- Records for this task -

====

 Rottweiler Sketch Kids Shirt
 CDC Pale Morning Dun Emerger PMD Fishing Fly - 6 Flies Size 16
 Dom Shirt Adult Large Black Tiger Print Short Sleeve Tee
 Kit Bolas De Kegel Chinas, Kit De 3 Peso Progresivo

====

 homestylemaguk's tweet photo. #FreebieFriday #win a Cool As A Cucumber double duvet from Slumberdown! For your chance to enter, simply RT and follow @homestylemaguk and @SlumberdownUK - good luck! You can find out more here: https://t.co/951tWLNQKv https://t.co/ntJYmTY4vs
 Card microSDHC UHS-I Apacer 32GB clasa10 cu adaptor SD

====

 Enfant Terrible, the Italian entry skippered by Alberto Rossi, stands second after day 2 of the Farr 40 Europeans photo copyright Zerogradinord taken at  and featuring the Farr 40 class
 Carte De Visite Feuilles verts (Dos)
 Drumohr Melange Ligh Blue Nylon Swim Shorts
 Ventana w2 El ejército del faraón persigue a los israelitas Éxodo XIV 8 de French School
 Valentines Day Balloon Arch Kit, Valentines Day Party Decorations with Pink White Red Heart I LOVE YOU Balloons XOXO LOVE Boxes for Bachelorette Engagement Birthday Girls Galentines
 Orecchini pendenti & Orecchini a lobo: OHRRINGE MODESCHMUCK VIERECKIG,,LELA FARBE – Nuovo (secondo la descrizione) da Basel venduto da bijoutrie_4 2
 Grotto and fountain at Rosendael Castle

====

Gather all lines with the string "Shirt" from the data.

- Response to this task -
 Rottweiler Sketch Kids Shirt
 Dom Shirt Adult Large Black Tiger Print Short Sleeve Tee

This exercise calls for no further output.